■ TASK DIRECTIONS
As an exercise, transcribe the data below in full and exactly, omitting pictures.

════════════════

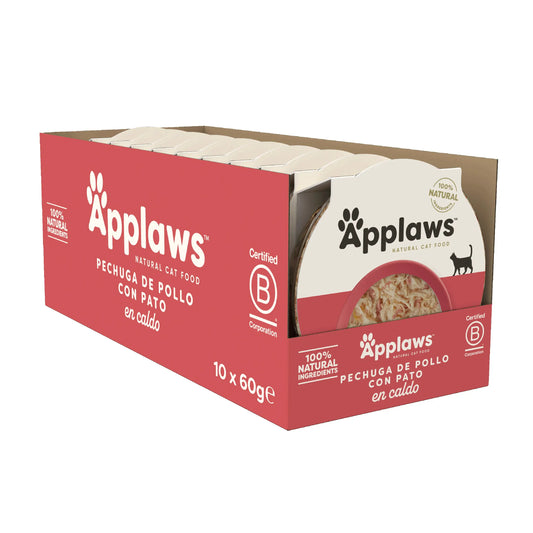 Applaws Cat -kattilapakkaus, kananrintaa ja ankkaa, 10 x 60 g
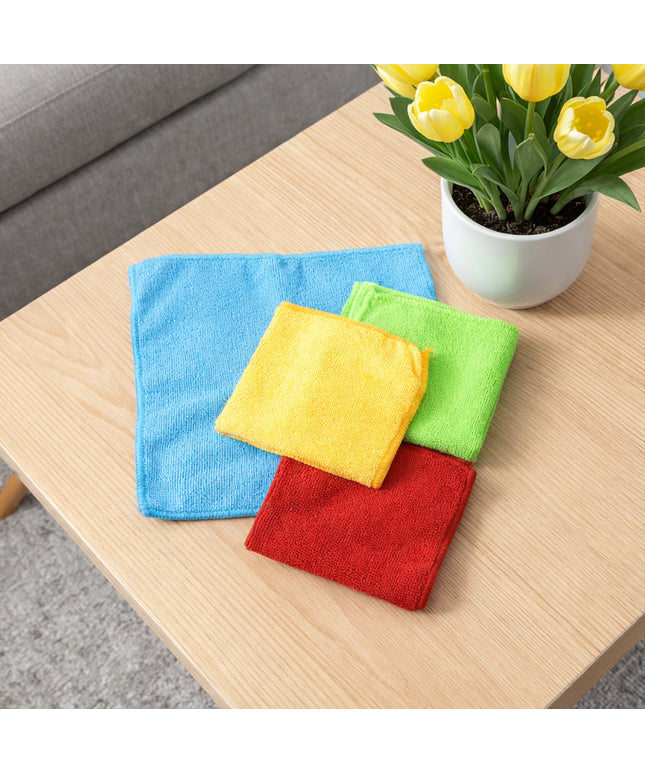 Microfiber Cleaning Cloths 4 Pc Set Multipurpose Cleaning Towel Napkin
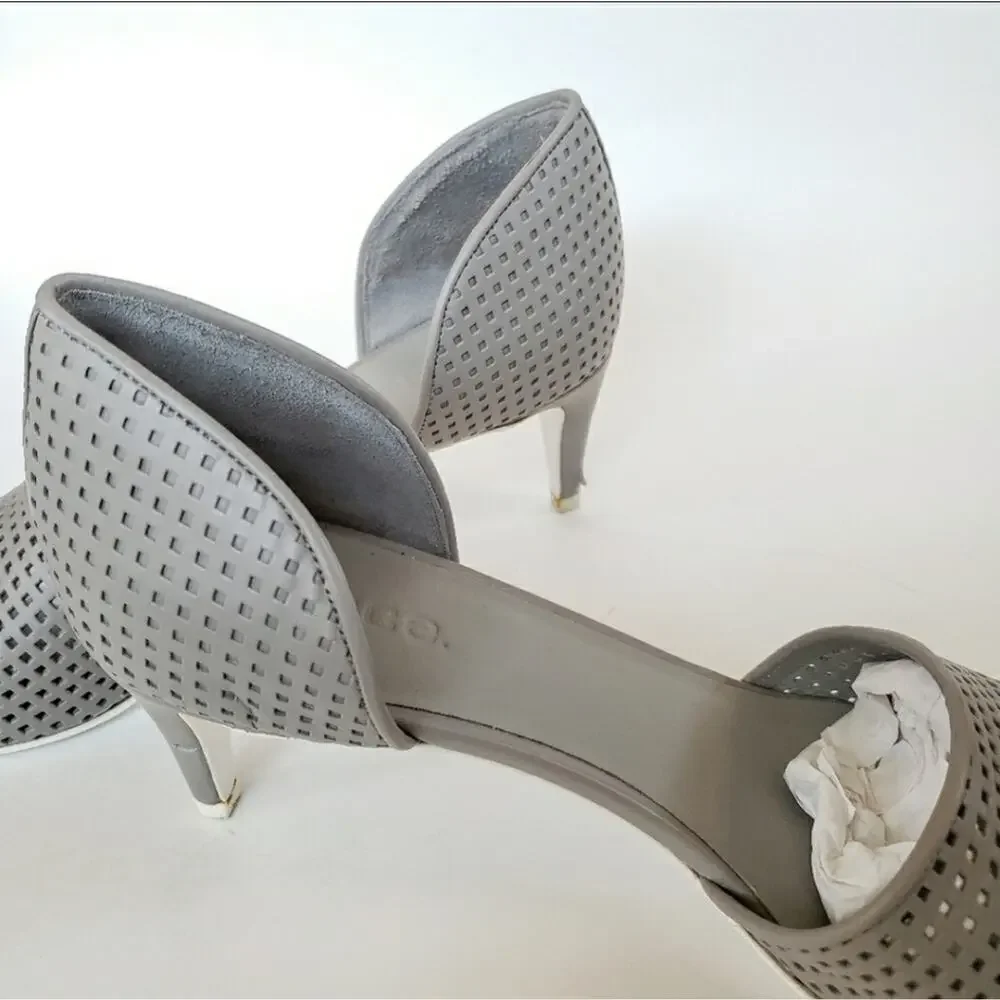 Vince Aurelian Gray Leather D'orsay Heels 10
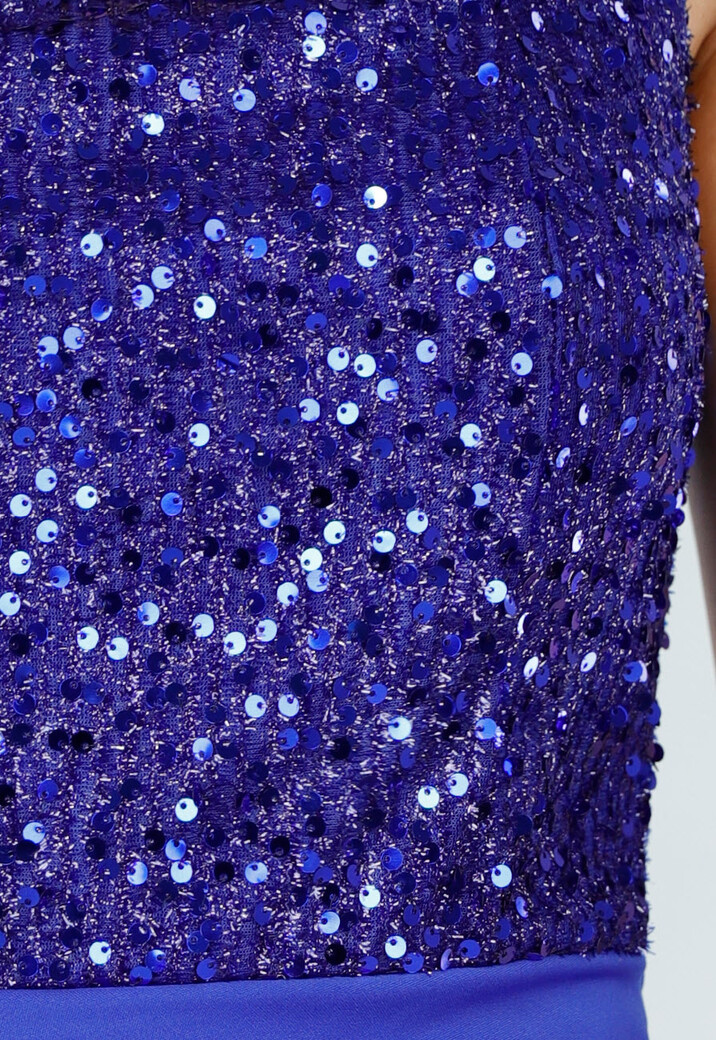 Blauwe Avondjurk met Pailletten Top en Hoge Split in Maxi Lengte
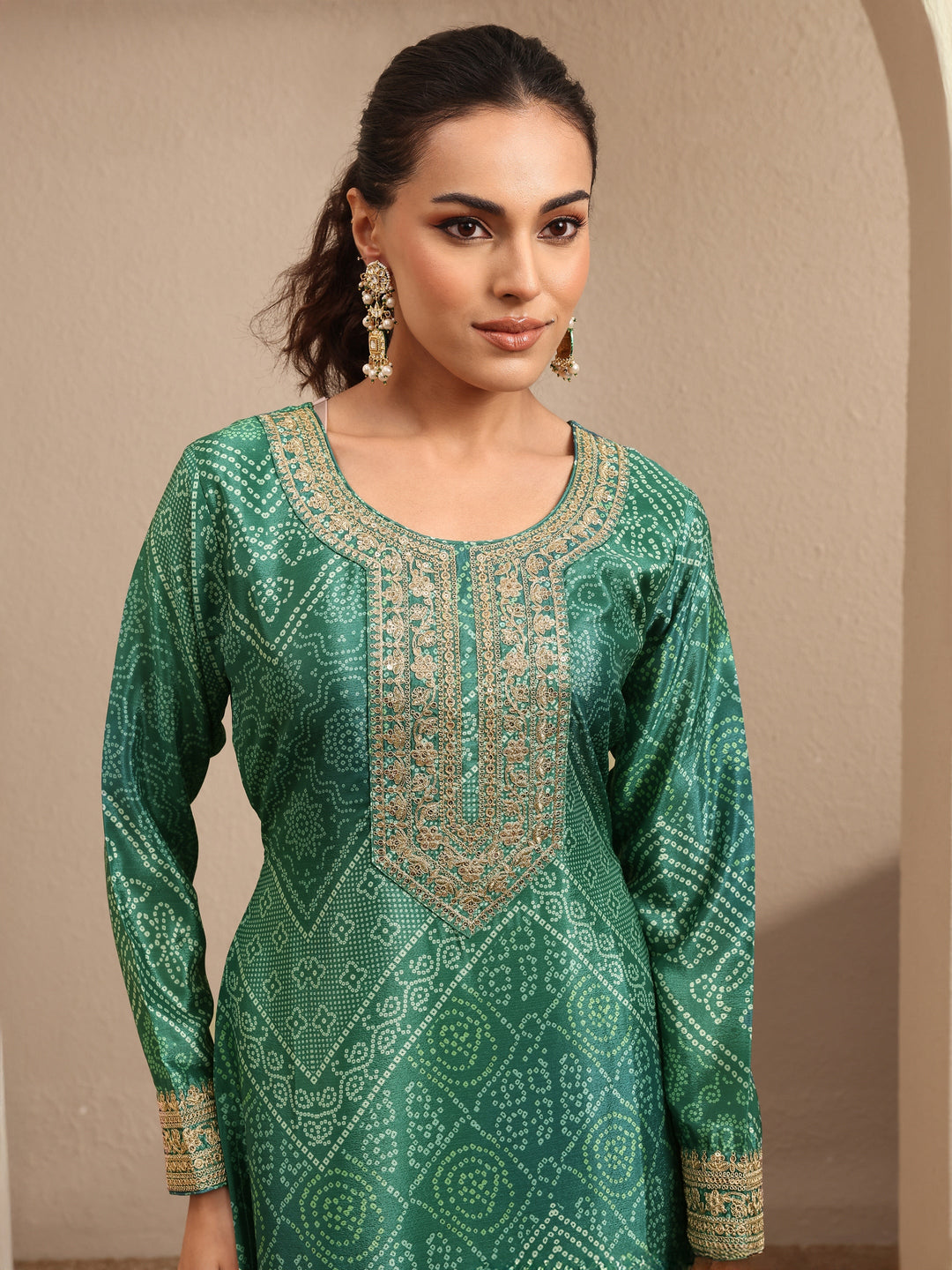 Green Bandhani Printed Chinon Straight Sharara Suit Set With Dupatta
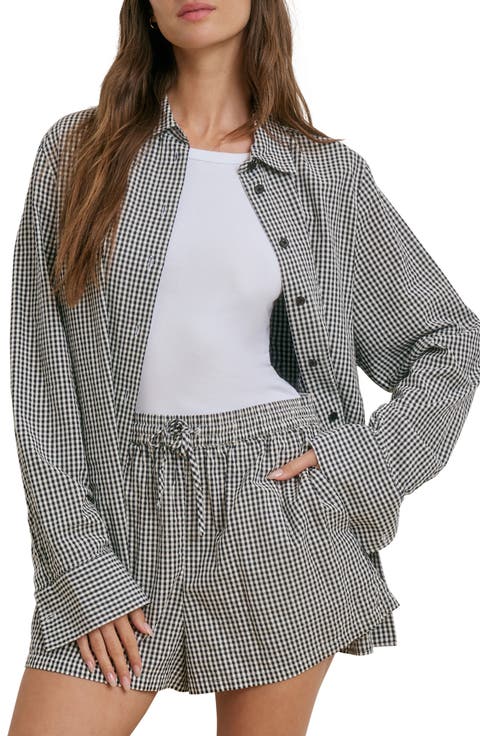 The Boyfriend Check Print Woven Shirt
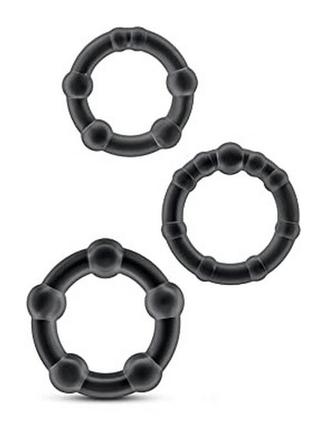 Набор эрекционных колец с силиконовыми кольцами для продления полового акта разного размера черного цвета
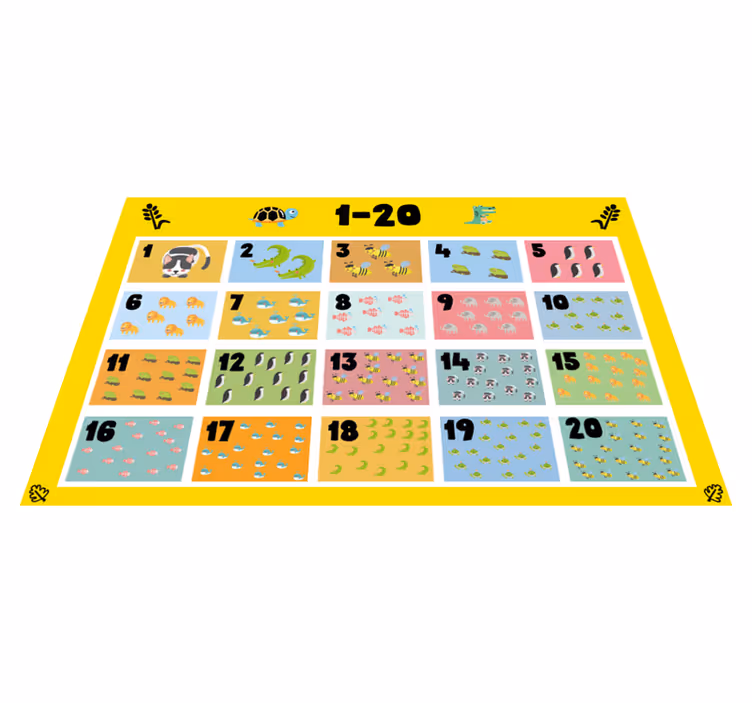 Mantel individual infantil Calcular de 1 a 20 niños - TenVinilo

════════════════

■ RESULT BELOW
 Applaws Cat -kattilapakkaus, kananrintaa ja ankkaa, 10 x 60 g
 Microfiber Cleaning Cloths 4 Pc Set Multipurpose Cleaning Towel Napkin
 Vince Aurelian Gray Leather D'orsay Heels 10
 Blauwe Avondjurk met Pailletten Top en Hoge Split in Maxi Lengte
 Green Bandhani Printed Chinon Straight Sharara Suit Set With Dupatta
 The Boyfriend Check Print Woven Shirt
 Набор эрекционных колец с силиконовыми кольцами для продления полового акта разного размера черного цвета
 Mantel individual infantil Calcular de 1 a 20 niños - TenVinilo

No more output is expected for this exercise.